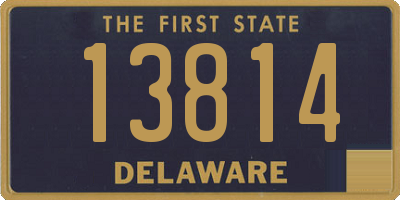 DE license plate 13814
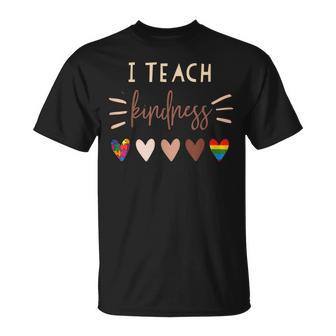 I Teach Kindness Love Autism African Lgbt Pride Teacher T-shirt - Thegiftio UK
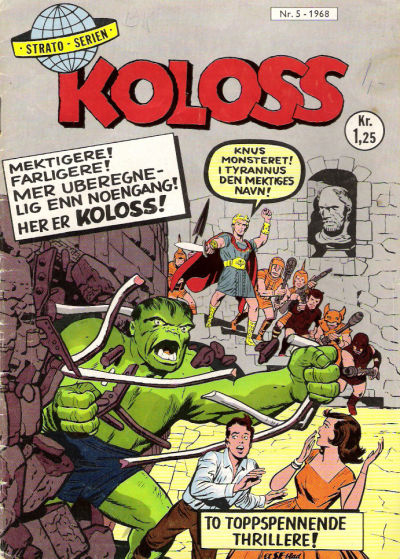 Cover for Koloss (Serieforlaget / Se-Bladene / Stabenfeldt, 1968 series) #5/1968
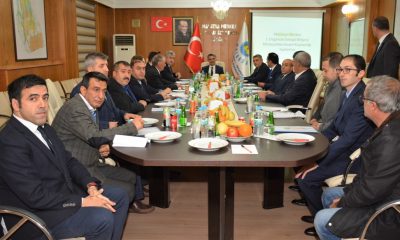 VALİ BARUŞ BAŞKANLIĞINDA 1. OSB MÜTEŞEBBİS HEYET TOPLANTISI YAPILDI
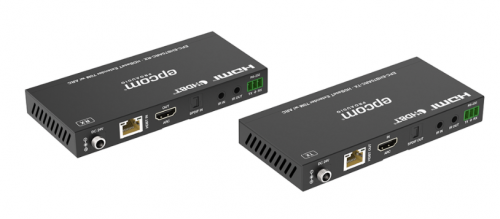 Epcom Transmisor y Receptor Alámbrico por Cable Cat5e, Entrada 1 x RJ-45 1 x HDMI, Salida 1 x RJ-45 1 x HDMI, hasta 70 Metros 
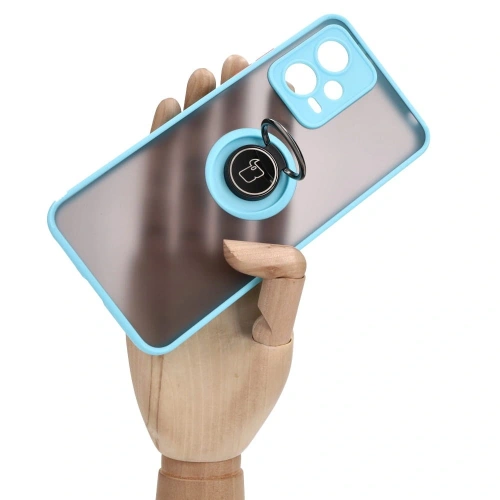Buy Bizon Case Hybrid Ring Xiaomi Poco X5 / Redmi Note 12 5G smoky with a light blue frame - BIZ2300 - {ean13} - Home Screen Store Europe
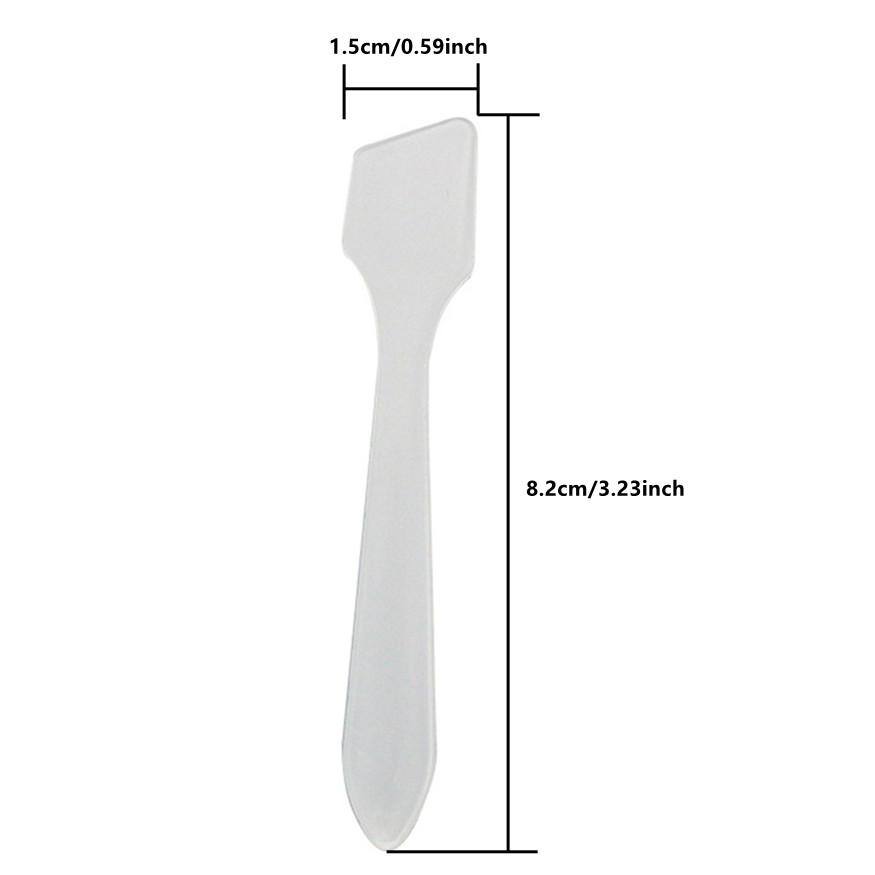 50 Pcs Plastic Spatula Set, 4 Colors 8.2x1.5cm Cosmetic Mixing Paddles for Creams Face Mask Makeup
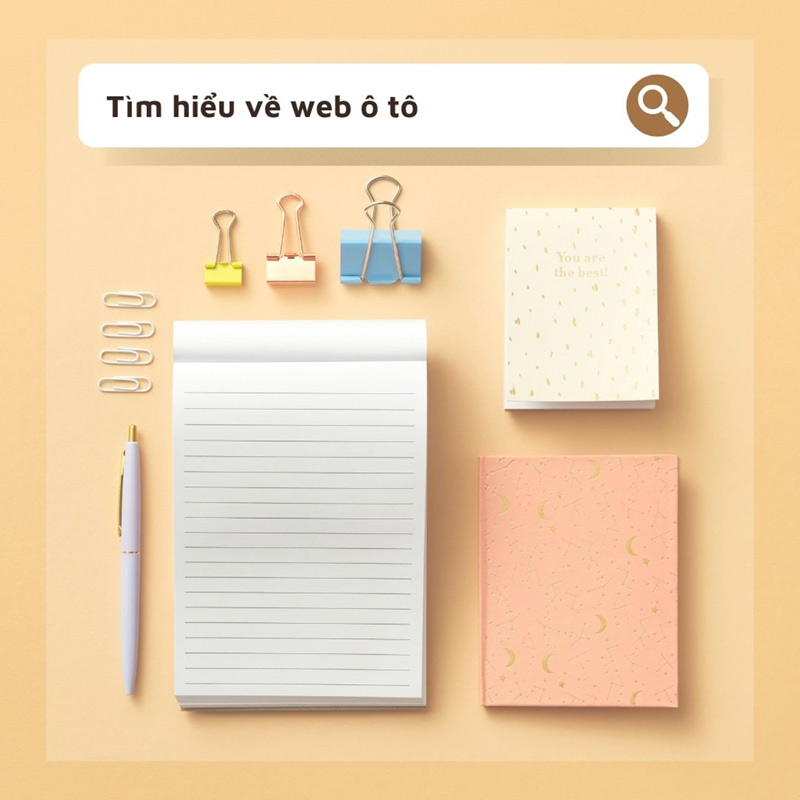 tìm hiểu và chuẩn bị thiết kế web ô tô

Work request: An exact retyping of the entries, without images, is the required answer.

Answer below:
 DE license plate 13814
 I Teach Kindness Love Autism African Lgbt Pride Teacher T-shirt - Thegiftio UK
 Cover for Koloss (Serieforlaget / Se-Bladene / Stabenfeldt, 1968 series) #5/1968
 VALİ BARUŞ BAŞKANLIĞINDA 1. OSB MÜTEŞEBBİS HEYET TOPLANTISI YAPILDI
 Epcom Transmisor y Receptor Alámbrico por Cable Cat5e, Entrada 1 x RJ-45 1 x HDMI, Salida 1 x RJ-45 1 x HDMI, hasta 70 Metros 
Buy Bizon Case Hybrid Ring Xiaomi Poco X5 / Redmi Note 12 5G smoky with a light blue frame - BIZ2300 - {ean13} - Home Screen Store Europe
 50 Pcs Plastic Spatula Set, 4 Colors 8.2x1.5cm Cosmetic Mixing Paddles for Creams Face Mask Makeup
 tìm hiểu và chuẩn bị thiết kế web ô tô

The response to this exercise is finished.